Join Terri Wagner for an in-depth discussion in this video Conducting our stakeholder analysis, part of Project Management Foundations: Stakeholders.
- Once we have identified our stakeholders, we can start doing some analysis and documenting relevant information about their take on our project and what influences they may have on project outcomes. The most common areas stakeholders influence projects follow the acronym PESTLE. Are they concerned about, or can they influence, the political elements of our work, economic, social, technical, legal, or environmental? To create our stakeholder classification matrix, we can simply build on the stakeholder analysis worksheet started in the charter and add columns that are meaningful for the current project.
We already have their role in the project, now we can document their interest in our work. Simply distill down into one or two words or concepts what they care about most. Then we can capture their degree of support for our initiative. Are they potential champions who will carry our message and our cause, or are they bystanders who will simply watch? If you feel they might resist the change we're trying to create, you can note that as well.

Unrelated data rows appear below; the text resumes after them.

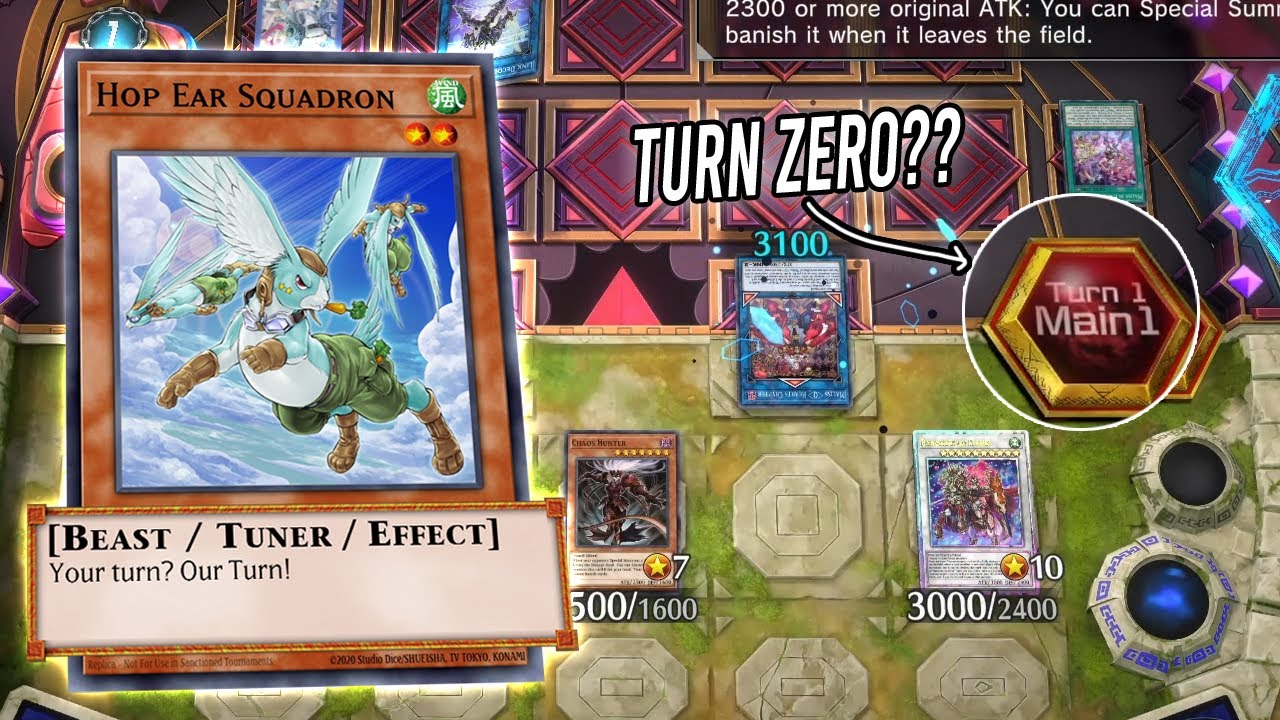 Playing Yu-Gi-Oh in the year 2142: Your turn, Our turn. Yugioh Master Duel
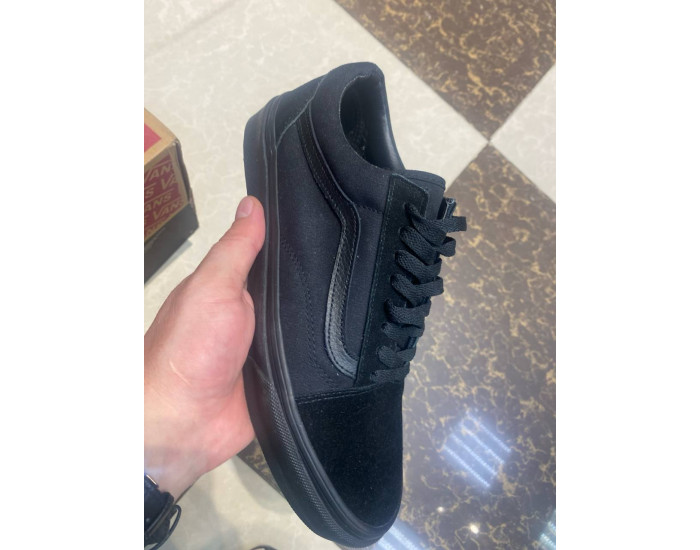Vans Old Skool Black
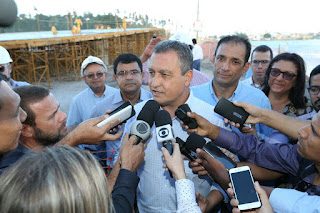 Rui faz correria no interior e só retorna para o Dois de Julho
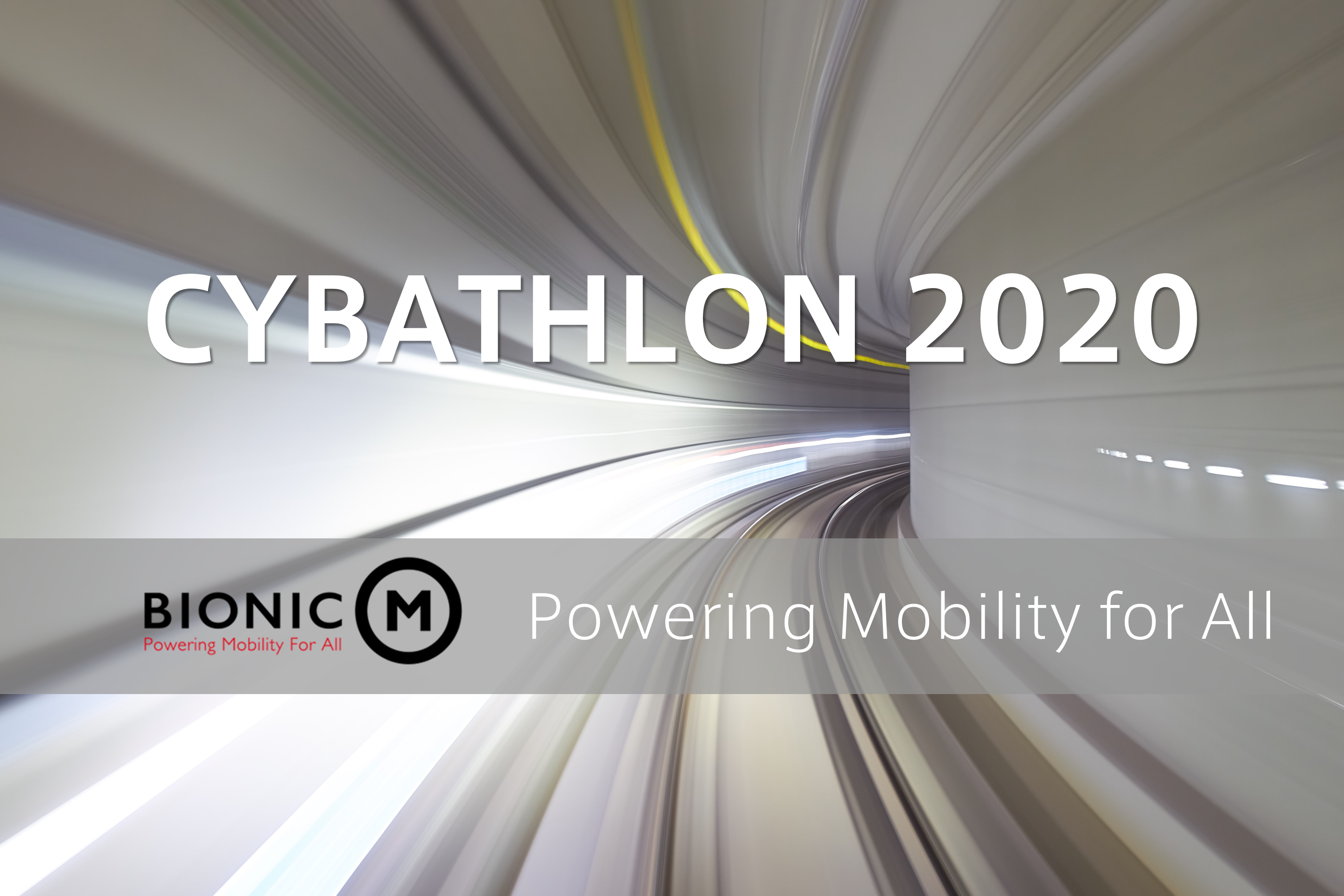 サイバスロン 2020への出場決定！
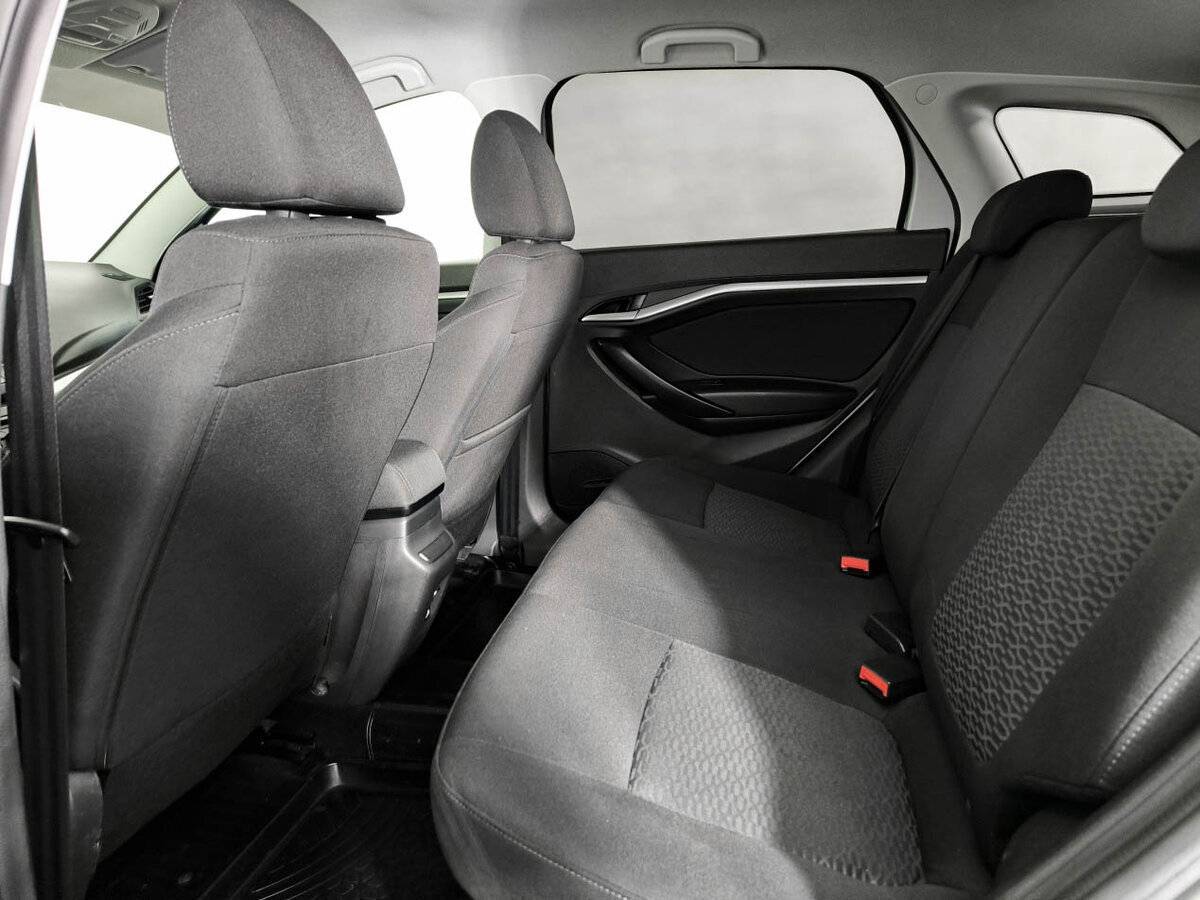 Купить Лада (ВАЗ) Веста, 2021, 78 890 км.. Фото: #11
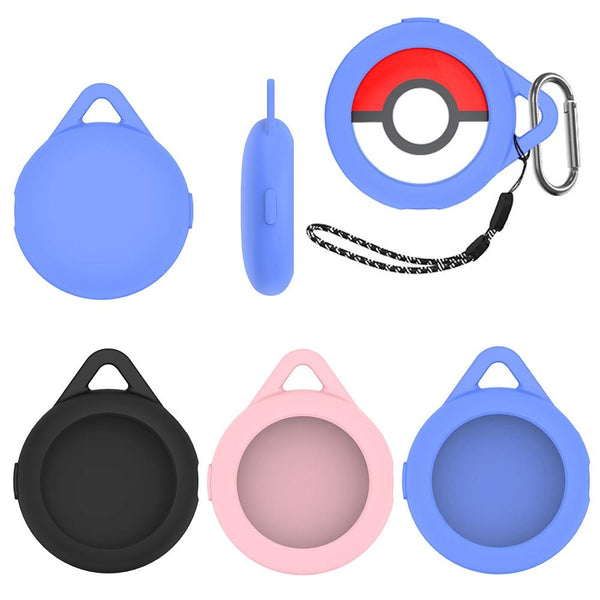 Silicone Case For Pokemon Go Plus Anti Fall Black Other Video Game Accessories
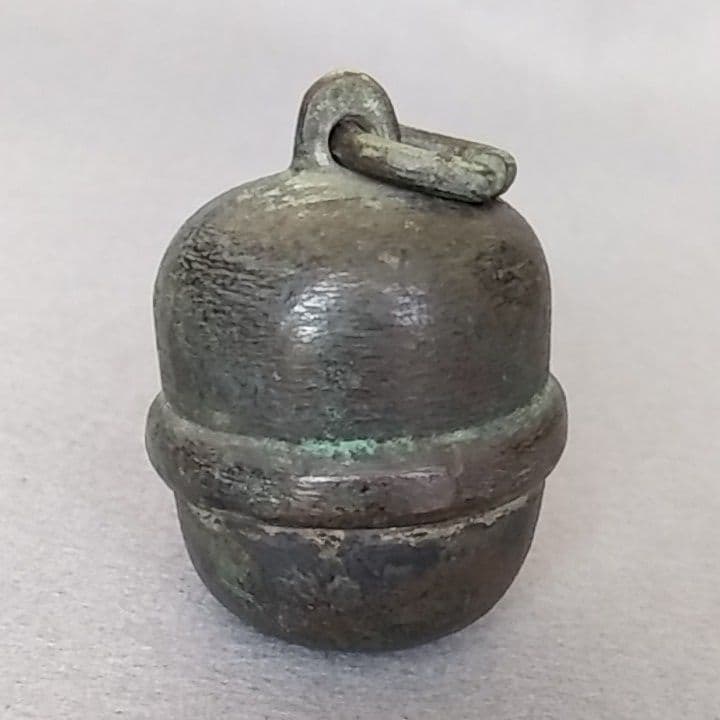 山銅製鈴　古銅の鈴　鈴　山銅の鈴　山銅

Are they entrenched in their position for a reason, or might you be able to change their opinion? Next we can document how much their support or lack thereof will impact the project. What are the risks if we ignore or neglect stakeholders? What are the benefits of getting them involved? We can also note who the thought leaders are they turn to when making decisions. By identifying and analyzing stakeholder relationships with the project and with our stakeholders, we'll be prepared to leverage existing relationships to build a strong coalition of leaders.
This coalition leadership style helps smooth the path and build awareness and support for the change we are creating. In our wind energy project, we noted several members of the financial group. Sally is the CFO. She knows this project will bring a lot of revenue in for the company once the wind farm is up and operational. Susan is the Director of Finance working under Sally and is concerned with the capital outlay and project expenditures required during the build out of the turbines.
When Mary Evans, the Accounting Manager working for Susan, brings a monthly report to Susan's attention showing expenditures in excess of the budgeted amount, Susan wants to limit the funding to the project and ask the team to cut future expenditures to make up the difference. Haley, the Project Manager, realizing the strong support she has from Sally, chooses to include Sally in a meeting with Susan to review the approved change requests that caused the spike in expenses and show how the added elements will benefit the overall project as approved by the entire change control board that Sally sits on.
By leveraging the relationships and understanding the project supporters, Haley was able to help Susan understand the change and align Susan with the change control board's decision. Remember, stakeholder analysis identifies the interests, expectations, and influence factors of your stakeholders and relates them back to the purpose of your project.